I ignore the weight and normal force of the boxes on the table, since they cancel
[tex]\sum F_{x} = (T_{m_{2}})_{x} + (T_{m_{1}})_{left} + (T_{m_{1}})_{right}[/tex]
But [tex] (T_{m_{2}})_{x} + (T_{m_{1}})_{left} [/tex] cancel, right? Because they are equal but opposite?
So, [tex]\sum F_{x} = (T_{m_{1}})_{right}[/tex]
And,
[tex]\sum F_{y} = (T_{m})_{y} + w_{y}[/tex]
So,
[tex]F_{net} = \sum F_{x} + \sum F_{y} = (T_{m_{1}})_{right} + (T_{m})_{y} + w_{y}[/tex]
But since,
[tex](T_{m_{1}})_{right} + (T_{m})_{y}[/tex] are equal but opposite, they too cancel, right?
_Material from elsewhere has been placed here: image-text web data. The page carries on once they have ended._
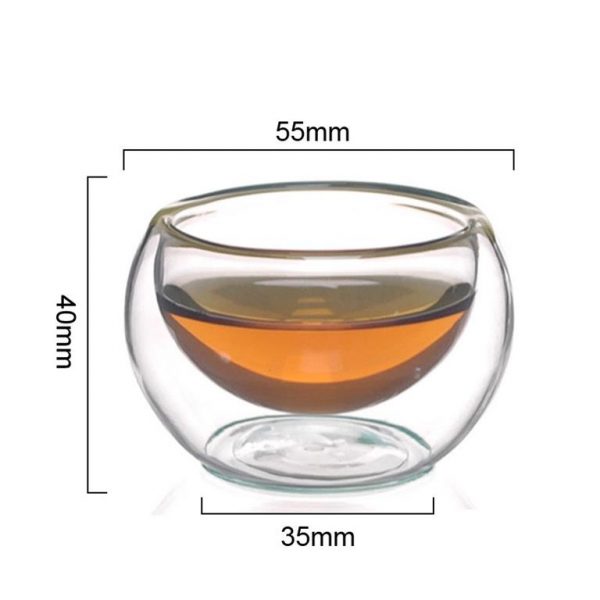 Unique Clear Tea Cup Set - 6 piece - size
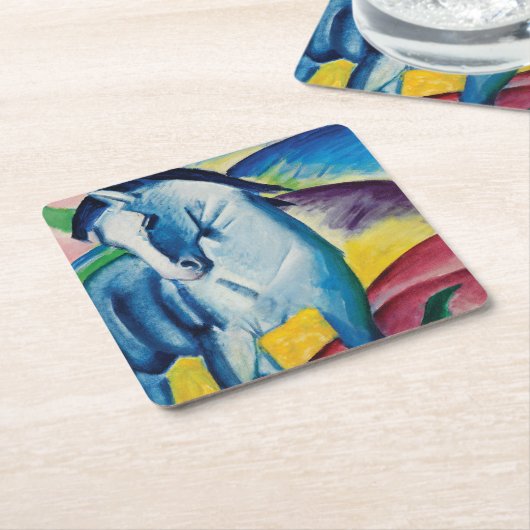 Blaues Pferd I durch Franz Marc Rechteckiger Pappuntersetzer (angewinkelt)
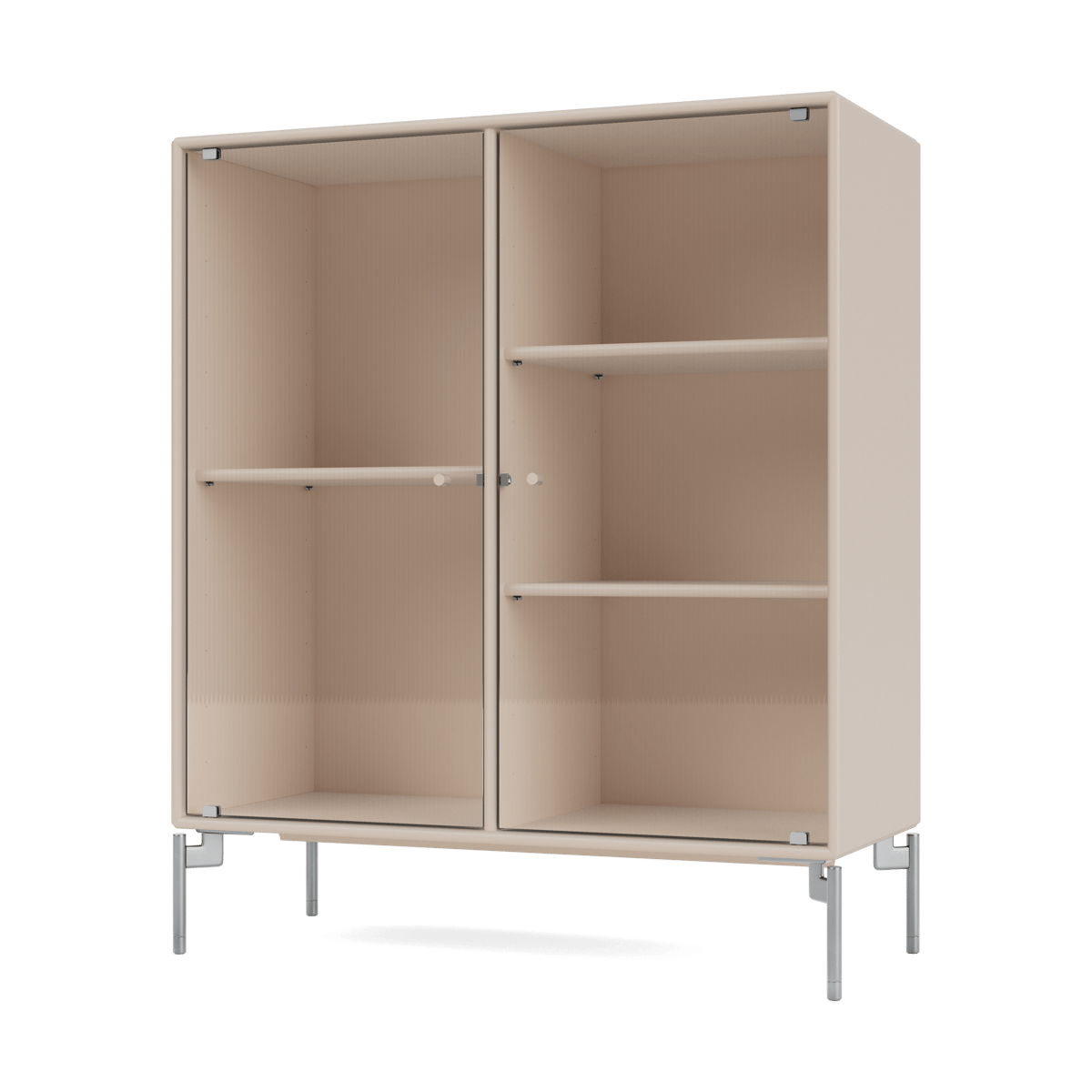 Montana Ripple II Vitrinenschrank 69,6x82,2x30 cm Clay-Beine chrome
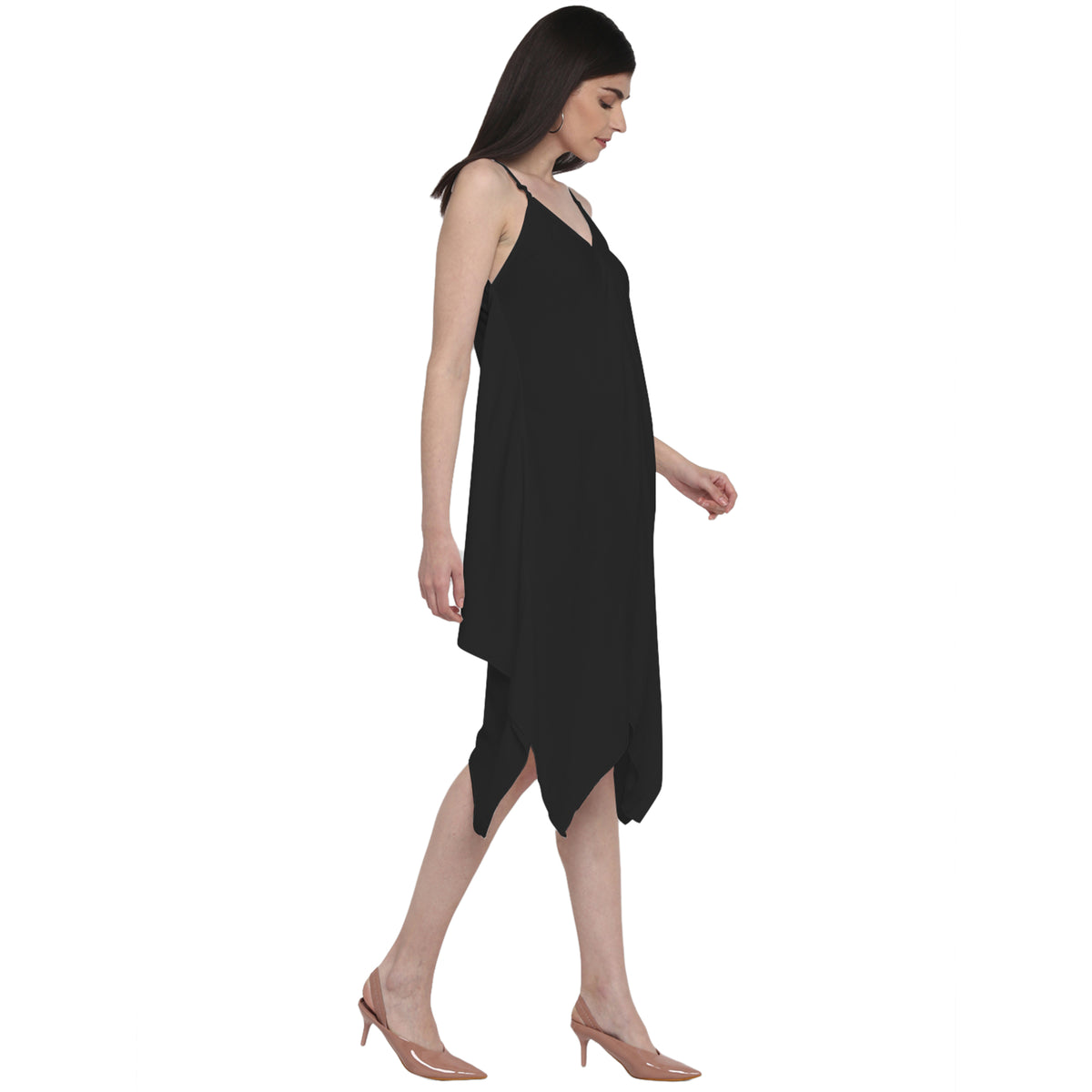 Viscose Asymmetrical Black Dress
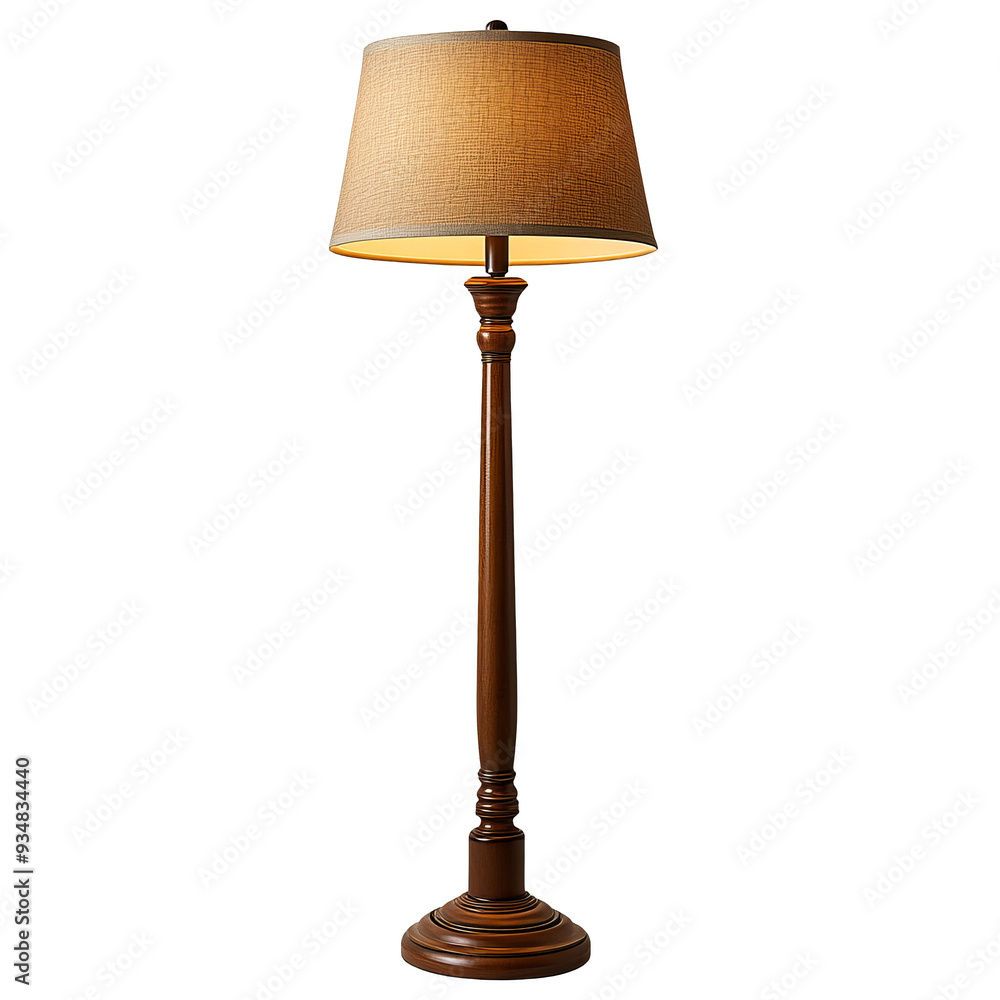 A traditional wooden floor lamp with a beige lampshade. The lamp is on a dark background. A traditional wooden floor lamp with a beige lampshade. The lamp is on a dark background.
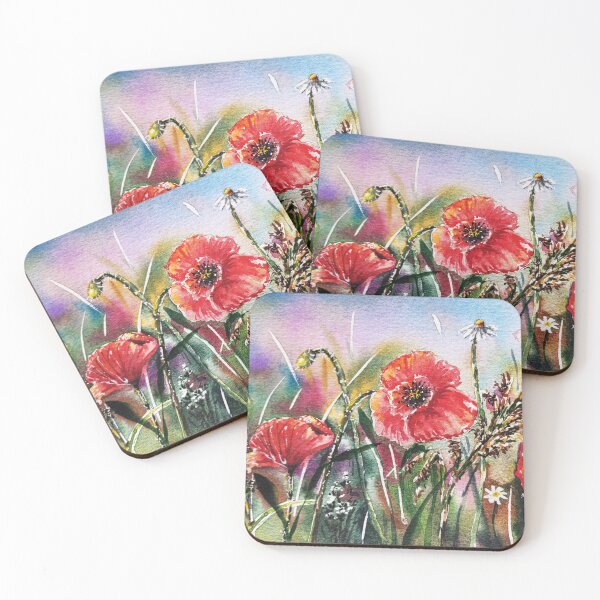 Item preview, Wild Poppies and Daisies Summer Watercolor designed and sold by Dollbox_art | Soft watercolor & calm nature art.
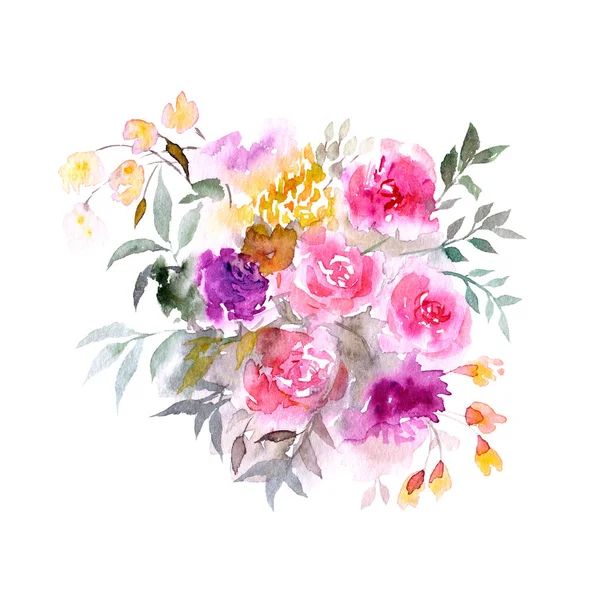 Buquê Rosas Flores Aquarela Fundo Floral Cartão Saudação Wiith Desenho — Fotografia de Stock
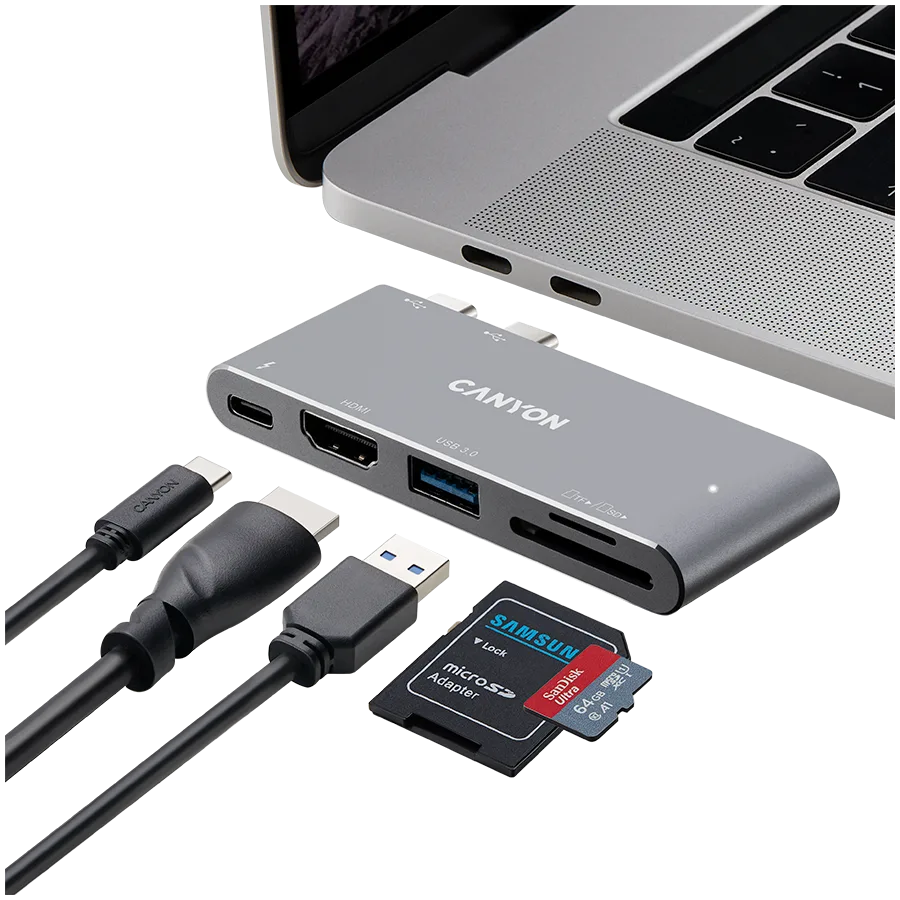 USB хъб CANYON hub DS-5 5in1 Thunderbolt 3 4k Space Grey - Image 29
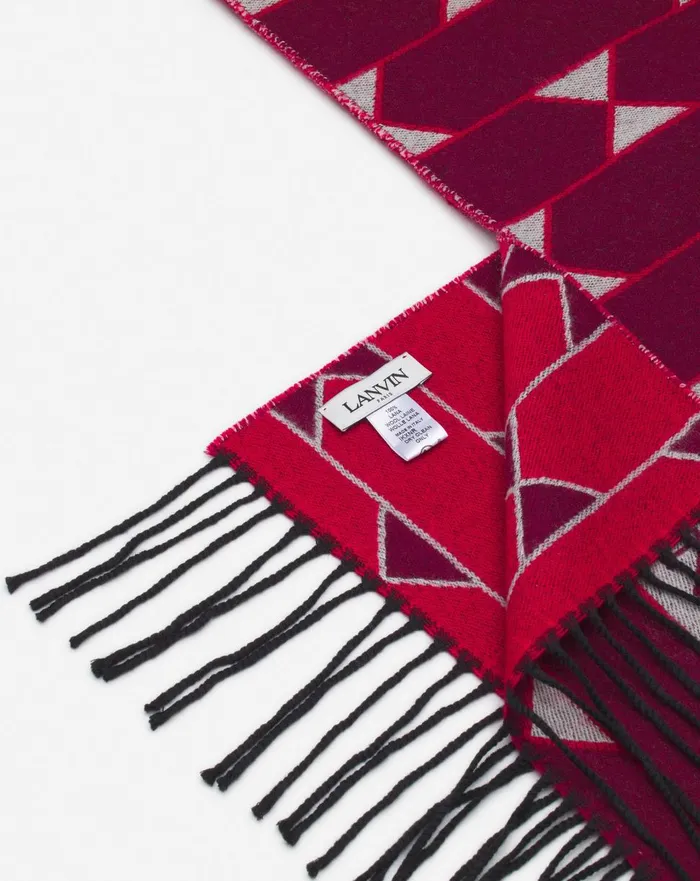 Twotone Wool Scarf Light Beigered Women Lanvin Silks and Scarves Twotone Wool Scarf Light Beigered Women Lanvin Silks and Scarves
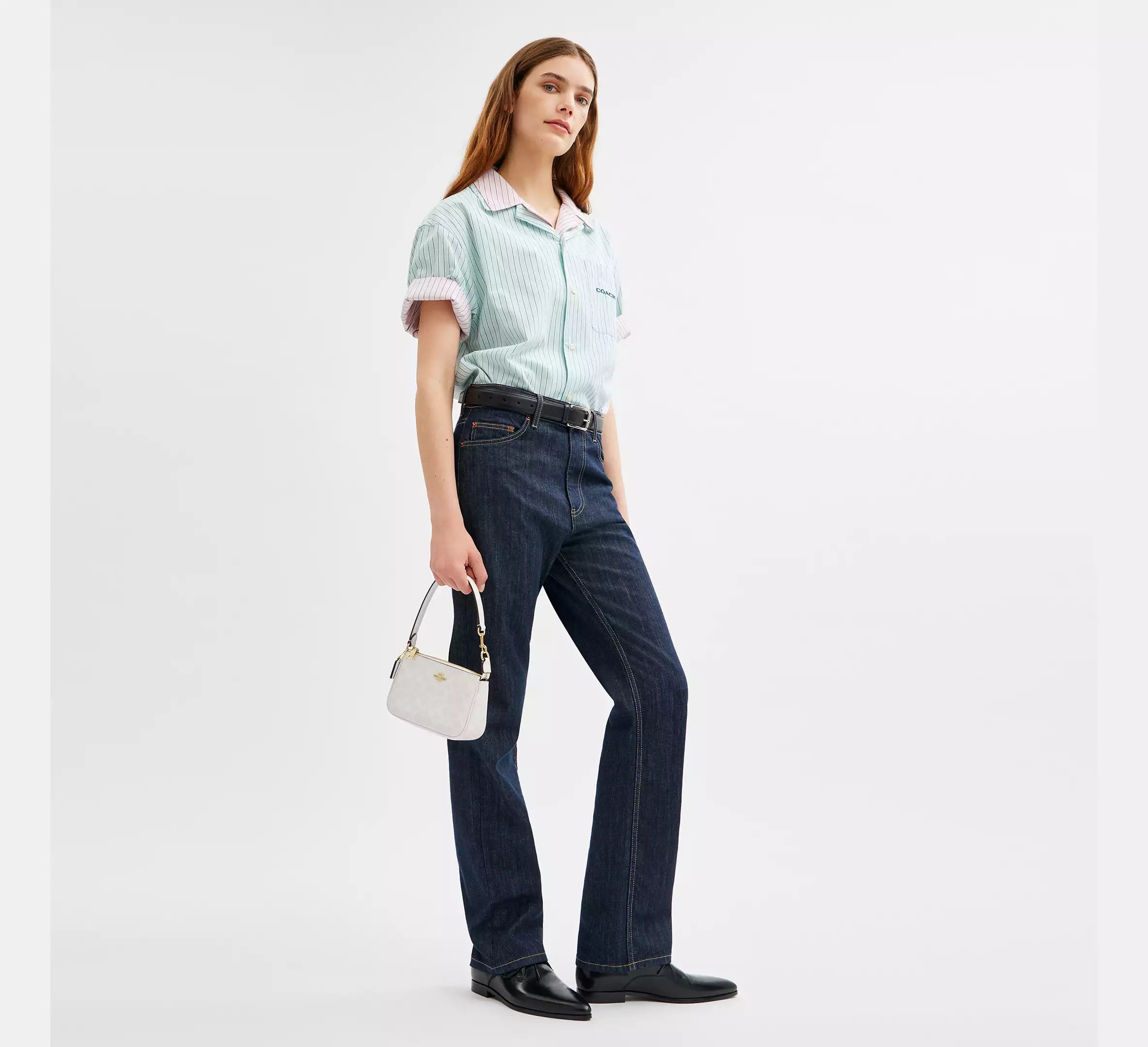 COACH Nolita 19 In Blocked Signature Canvas In Glacier White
So you are left with [tex]F_{net} = m_{net}*a = w_{y} = m*g[/tex]
Then, you can solve
[tex]F_{net} = 4.9 kg*a = 1.5 kg*9.81\frac{m}{s^2}[/tex]
[tex]a = 3.00 \frac{m}{s^2}[/tex]
Does my reasoning make sense of how the tensions cancel and so are not factored into the equation?
Thanks,
Coop